Working data:
☆ ☆ ☆ ☆ ☆ ☆ ☆
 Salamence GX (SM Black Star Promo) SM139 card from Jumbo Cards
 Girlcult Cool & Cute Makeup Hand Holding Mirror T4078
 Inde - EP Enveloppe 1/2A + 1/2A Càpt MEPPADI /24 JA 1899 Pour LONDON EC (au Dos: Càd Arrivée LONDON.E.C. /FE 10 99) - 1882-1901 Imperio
☆ ☆ ☆ ☆ ☆ ☆ ☆
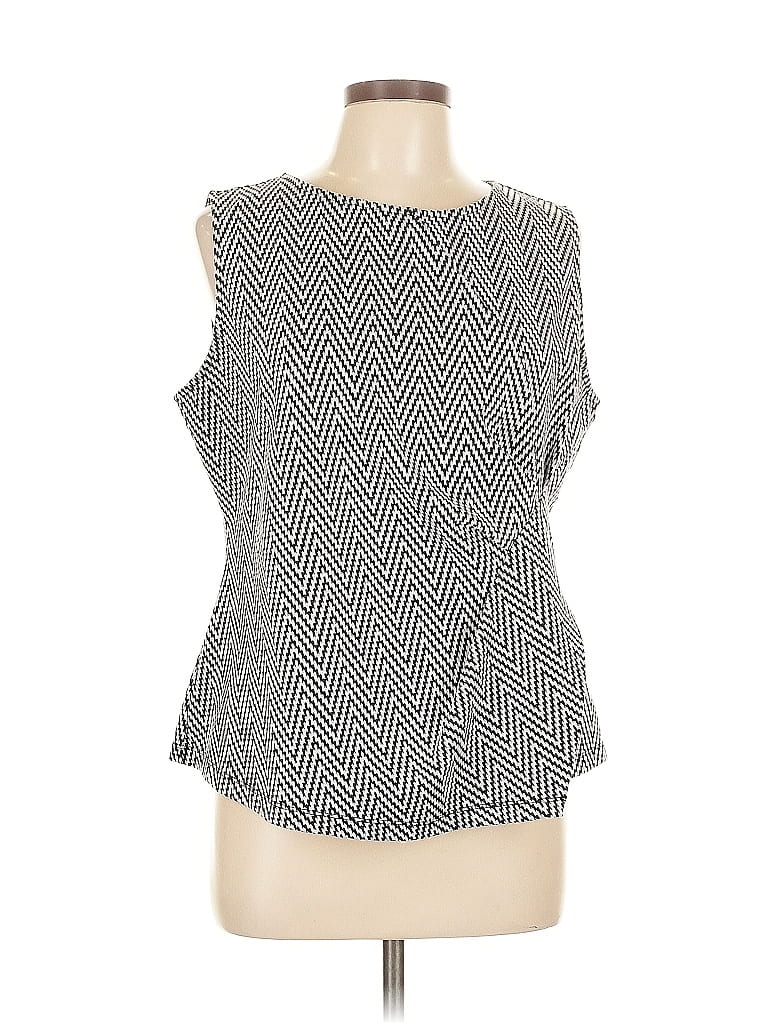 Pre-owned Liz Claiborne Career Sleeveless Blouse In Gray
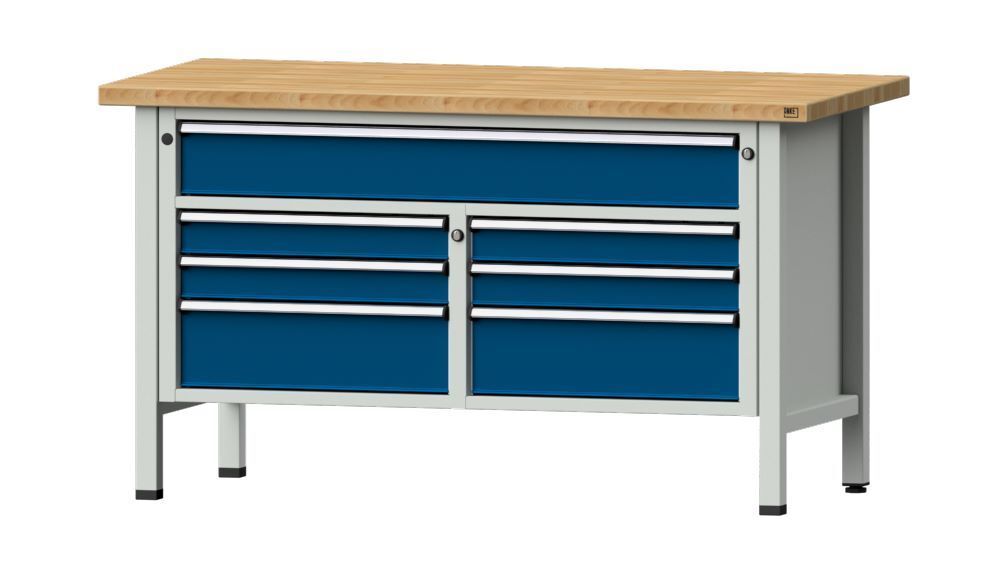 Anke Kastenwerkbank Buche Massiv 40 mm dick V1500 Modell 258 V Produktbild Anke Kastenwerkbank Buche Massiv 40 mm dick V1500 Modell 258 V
☆ ☆ ☆ ☆ ☆ ☆ ☆
Task details:
Above are the lines; repeat exactly the ones from the line containing "Salamence GX (SM" down to the line containing "Inde - EP Enveloppe", both inclusive.

Response to the exercise:
 Salamence GX (SM Black Star Promo) SM139 card from Jumbo Cards
 Girlcult Cool & Cute Makeup Hand Holding Mirror T4078
 Inde - EP Enveloppe 1/2A + 1/2A Càpt MEPPADI /24 JA 1899 Pour LONDON EC (au Dos: Càd Arrivée LONDON.E.C. /FE 10 99) - 1882-1901 Imperio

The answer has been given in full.